SOL and TA background muscle activity significantly increased with height‐induced threat. SOL background muscle activity increased from 1.36 ± 0.11 μV · s in the LOW to 1.45 ± 0.11 μV · s in the HIGH threat condition (6.4% change; t 39 = −3.18, P = 0.003, r = 0.454), and TA background activity increased from 0.26 ± 0.06 μV · s in the LOW to 0.49 ± 0.10 μV · s in the HIGH threat condition (84.8% change; t 39 = −2.35, P = 0.024, r = 0.352). Correlations between changes in background muscle activity and reflex amplitudes were examined post hoc to determine whether height‐induced changes in reflexes were related to changes in background muscle activity. Across participants, changes in SOL background activity with threat were not associated with height‐induced changes in SLR area (Spearman's rho = 0.225, P = 0.164) or t‐reflex amplitude (Pearson's r = 0.20, P = 0.280), although they were correlated with changes in MLR area (Pearson's r = 0.377, P = 0.017). Similarly, changes in TA background activity were not linked to changes in SLR (Spearman's rho = 0.203, P = 0.209) or MLR area (rho = 0.126, P = 0.439), nor to t‐reflexes across threat conditions (rho = 0.302, P = 0.099).

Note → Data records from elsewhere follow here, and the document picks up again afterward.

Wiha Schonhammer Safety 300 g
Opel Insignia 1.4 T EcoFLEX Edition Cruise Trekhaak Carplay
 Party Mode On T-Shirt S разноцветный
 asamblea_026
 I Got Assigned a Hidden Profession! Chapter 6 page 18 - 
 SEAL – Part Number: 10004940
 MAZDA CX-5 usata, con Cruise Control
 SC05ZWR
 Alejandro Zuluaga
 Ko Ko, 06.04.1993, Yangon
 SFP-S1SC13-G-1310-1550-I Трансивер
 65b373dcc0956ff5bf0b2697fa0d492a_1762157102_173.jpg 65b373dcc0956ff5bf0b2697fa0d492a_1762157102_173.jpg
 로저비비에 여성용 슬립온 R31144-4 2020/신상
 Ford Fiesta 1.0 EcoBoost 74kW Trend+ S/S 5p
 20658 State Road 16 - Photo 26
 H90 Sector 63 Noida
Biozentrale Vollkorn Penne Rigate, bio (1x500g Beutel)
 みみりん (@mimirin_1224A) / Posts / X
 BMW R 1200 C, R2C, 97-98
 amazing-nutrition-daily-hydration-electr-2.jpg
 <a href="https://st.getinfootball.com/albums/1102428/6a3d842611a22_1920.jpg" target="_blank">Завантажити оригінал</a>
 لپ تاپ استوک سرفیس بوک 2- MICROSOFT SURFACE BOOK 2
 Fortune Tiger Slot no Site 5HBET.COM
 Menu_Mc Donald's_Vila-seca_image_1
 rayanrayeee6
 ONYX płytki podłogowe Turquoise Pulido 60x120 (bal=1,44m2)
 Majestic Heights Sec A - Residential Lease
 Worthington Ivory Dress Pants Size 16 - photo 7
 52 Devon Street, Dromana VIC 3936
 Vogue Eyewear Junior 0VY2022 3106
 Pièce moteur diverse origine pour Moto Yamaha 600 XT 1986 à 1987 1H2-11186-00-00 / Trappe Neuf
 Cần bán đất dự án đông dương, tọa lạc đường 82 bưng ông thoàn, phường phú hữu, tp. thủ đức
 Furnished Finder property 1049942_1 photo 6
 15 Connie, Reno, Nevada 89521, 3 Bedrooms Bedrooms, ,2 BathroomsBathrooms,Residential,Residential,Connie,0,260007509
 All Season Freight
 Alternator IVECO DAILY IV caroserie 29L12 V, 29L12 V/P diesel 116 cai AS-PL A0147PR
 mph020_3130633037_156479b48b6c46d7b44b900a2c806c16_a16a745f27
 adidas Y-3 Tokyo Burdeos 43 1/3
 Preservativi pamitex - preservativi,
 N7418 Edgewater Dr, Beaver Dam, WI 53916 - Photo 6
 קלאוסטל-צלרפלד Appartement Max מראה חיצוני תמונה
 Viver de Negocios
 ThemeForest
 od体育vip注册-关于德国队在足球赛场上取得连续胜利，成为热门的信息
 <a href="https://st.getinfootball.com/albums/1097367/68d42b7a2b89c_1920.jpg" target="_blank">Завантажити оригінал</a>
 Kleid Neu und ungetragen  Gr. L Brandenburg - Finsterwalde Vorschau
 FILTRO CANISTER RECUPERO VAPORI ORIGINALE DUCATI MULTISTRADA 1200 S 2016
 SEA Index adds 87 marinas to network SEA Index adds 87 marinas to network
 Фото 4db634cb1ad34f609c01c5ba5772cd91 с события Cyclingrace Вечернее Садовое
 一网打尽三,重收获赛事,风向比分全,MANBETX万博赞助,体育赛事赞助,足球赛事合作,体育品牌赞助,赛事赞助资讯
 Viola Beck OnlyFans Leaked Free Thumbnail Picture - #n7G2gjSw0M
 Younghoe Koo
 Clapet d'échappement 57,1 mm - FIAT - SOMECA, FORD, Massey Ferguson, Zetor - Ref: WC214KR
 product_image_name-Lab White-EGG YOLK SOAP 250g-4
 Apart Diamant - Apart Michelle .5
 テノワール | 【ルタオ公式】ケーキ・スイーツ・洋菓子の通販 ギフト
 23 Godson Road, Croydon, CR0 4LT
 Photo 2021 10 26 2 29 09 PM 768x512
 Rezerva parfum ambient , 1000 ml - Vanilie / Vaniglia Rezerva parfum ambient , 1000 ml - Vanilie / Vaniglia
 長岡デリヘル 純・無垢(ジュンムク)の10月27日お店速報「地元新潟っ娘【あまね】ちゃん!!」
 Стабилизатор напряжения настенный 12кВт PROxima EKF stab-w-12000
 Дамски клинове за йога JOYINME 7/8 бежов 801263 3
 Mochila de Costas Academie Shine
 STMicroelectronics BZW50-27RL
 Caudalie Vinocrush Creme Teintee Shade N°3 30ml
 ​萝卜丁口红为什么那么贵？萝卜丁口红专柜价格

It was possible to investigate velocity scaling of SLR amplitude because the three velocity profiles achieved different tilt velocities by the latency of SLR peak in both Protocols 1 and 2 (Tables 1 and 2). SLR amplitude increased with increasing platform velocity (Figs. 2 C and 4 A) and the relationship scaled for 22 participants (Protocol 1, n = 7; mean r = 0.502, Protocol 2, n = 15; mean r = 0.54). The SLR–velocity slope was significantly steeper in the HIGH compared to LOW condition [LOW: 0.041 ± 0.005 (mV·ms)/(°/s); HIGH: 0.052 ± 0.007 (mV·ms)/(°/s); t 21 = −2.73, P = 0.013, r = 0.511] (Fig 4 B); on average, SLR–velocity slopes were 36.1% steeper in the HIGH compared to LOW condition.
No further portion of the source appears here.